As lutas corporais entre operários e repressão em A greve, a cosntelação de atrações na seqüencia da escadaria de Odessa em Potemkim, a seqüencia da procissão e da chegada da desnatadeira para os camponeses de O velho e o novo são exemplos de sua [de Eisenstein] estratégia apoiada na emoção. Ele não recusa os processos de dramatização e manipulação dos sentimentos que a cultura burguesa a partir do século XVIII colocou à disposição do espetáculo dirigido a um público plebeu, se não operário (a partir do século XIX) (XAVIER, 2006, p.362).

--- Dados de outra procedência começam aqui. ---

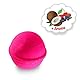 INKEE Funnyz Duftende Badebombe mit Badespielzeug Badekugeln + Badewannenspielzeug für Baby, Gummy, Wassertier Baby Geschenk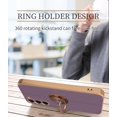 thumbnail image 6 of Compatible for Samsung Galaxy S23 Plus Case with Ring Holder Kickstand [with Magnetic] Soft TPU Shockproof Electroplated Protective Phone Case for Galaxy S23+ 5G Purple, 6 of 6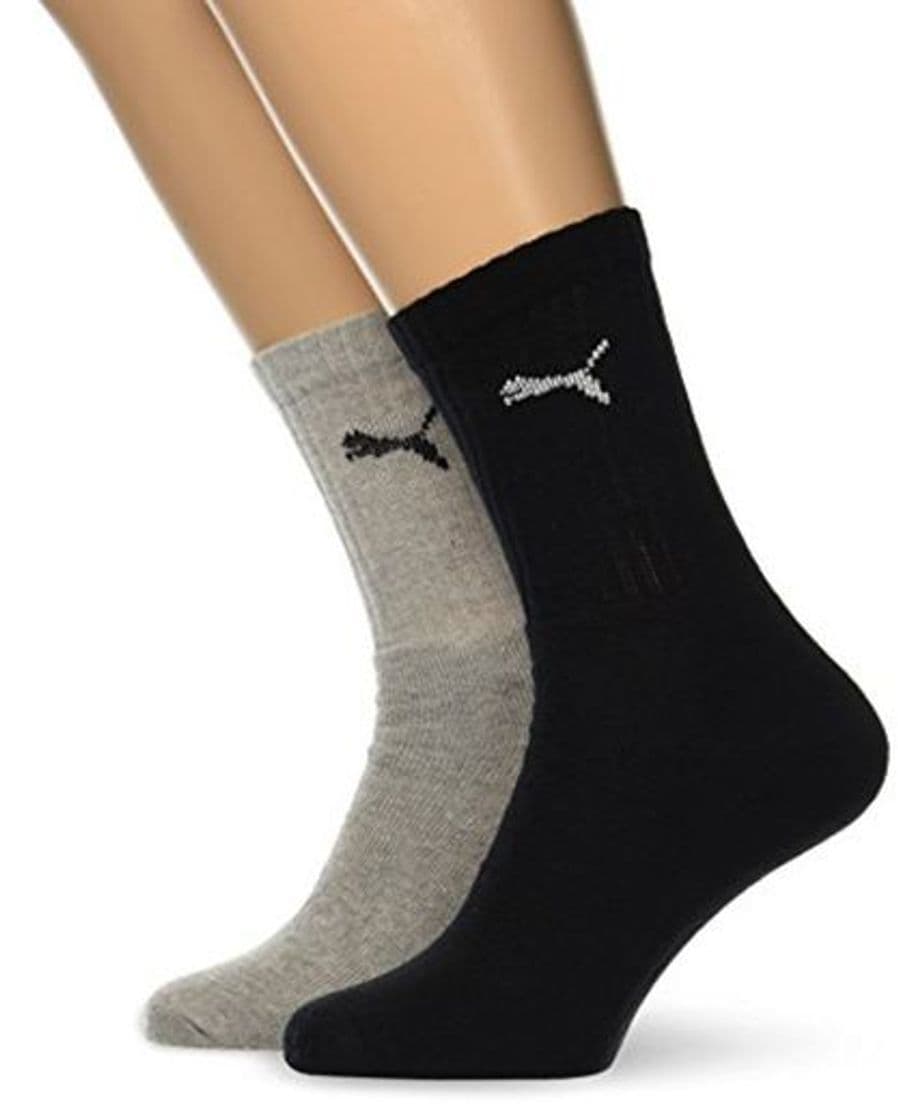 Product Puma Sport Cush Crew 6P, Calcetines Unisex, Paquete de 6, Multicolor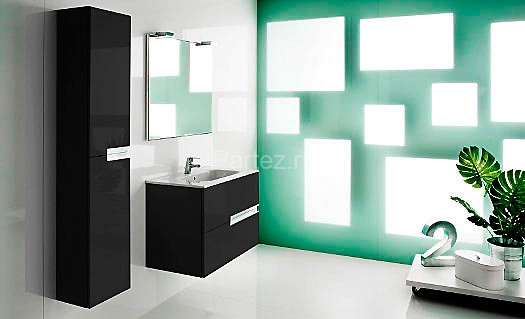 Roca VICTORIA NORD Шкаф-колонна, Black Edition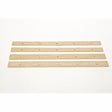 Flexaust 545NRSBPK Replacement Squeegee Blade Set for industrial vacuum cleaning systems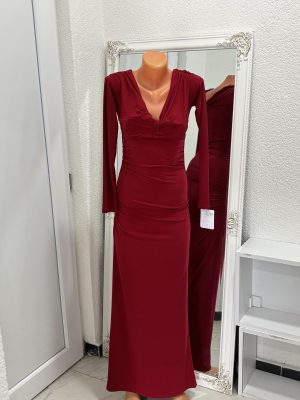 Elegant Long Sleeve Maxi Haljina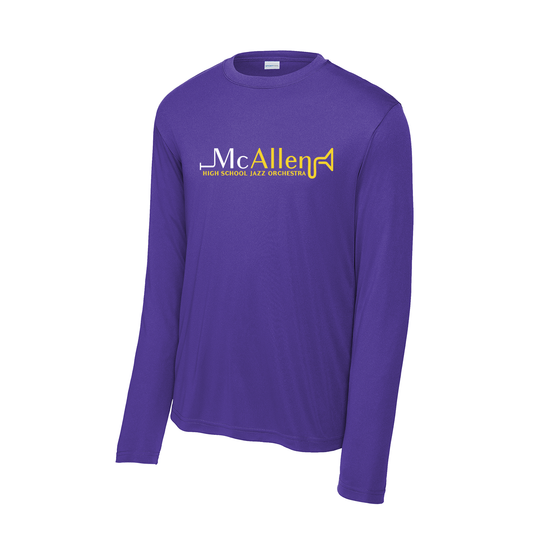McHi Jazz Orchestra - Fan Shirt - Long Sleeve - Purple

Sua posição difere da de Vertov e da de outros artistas pela liberdade como se apropria das expressões da cultura clássica articulando-as aos dispositivos do teatro moderno. Estudioso da arte renascentista e influenciado pelo teatro burguês, sua busca é por uma nova conexão entre o sensível e o inteligível, a imagem e o conceito. Na dissolução dessas dicotomias, me parece, essa busca estar próxima do que propõe o pensamento benjaminiano no tocante às quebras de binarismos e quando reconhece uma constelação revolucionária entre o presente e o passado. Ao contrario do moderno “avançar sempre”, esse continun que alavanca o pensamento do progresso na arte e nas concepções ideológicas do início do século XX, o tempo em Eisenstein é outro: é o descontinun. O cineasta não vê a possibilidade de não estarem articulados a tradição e a modernidade no tempo presente. Nessa articulação a linearidade do tempo é quebrada e são postos em conflito sentidos antagônicos. Como o anjo benjaminiano o cineasta russo não vira as costas para o passado, vai trabalhar com o caos e com os cacos, ruínas de sua época, um presente “carregado de ‘agoras’” (BENJAMIN, 1992, p.166). Nesses espaços descontínuos, como diria o indiano Homi Bhabha, surgem entre-lugares, algumas intertextualidades, como no filme O Encouraçado Potemkim, na famosa seqüencia da escadaria de Odessa, quando uma mulher do povo carregando nos braços seu filho morto, depois de ter sido pisoteado no massacre, se dirige à guarda czarista desesperadamente em um apelo aos seus sentimentos. Em uma citação à Pietá de Michelângelo, os gestos da personagem confrontam o espectador com uma situação na qual um forte simbolismo religioso marca, de forma dialética, tanto a posição dos opressores quanto a dos oprimidos na cena. Aqui, a expressão da arte renascentista está reinscrita em uma outra constelação histórica, ganhando outros significados.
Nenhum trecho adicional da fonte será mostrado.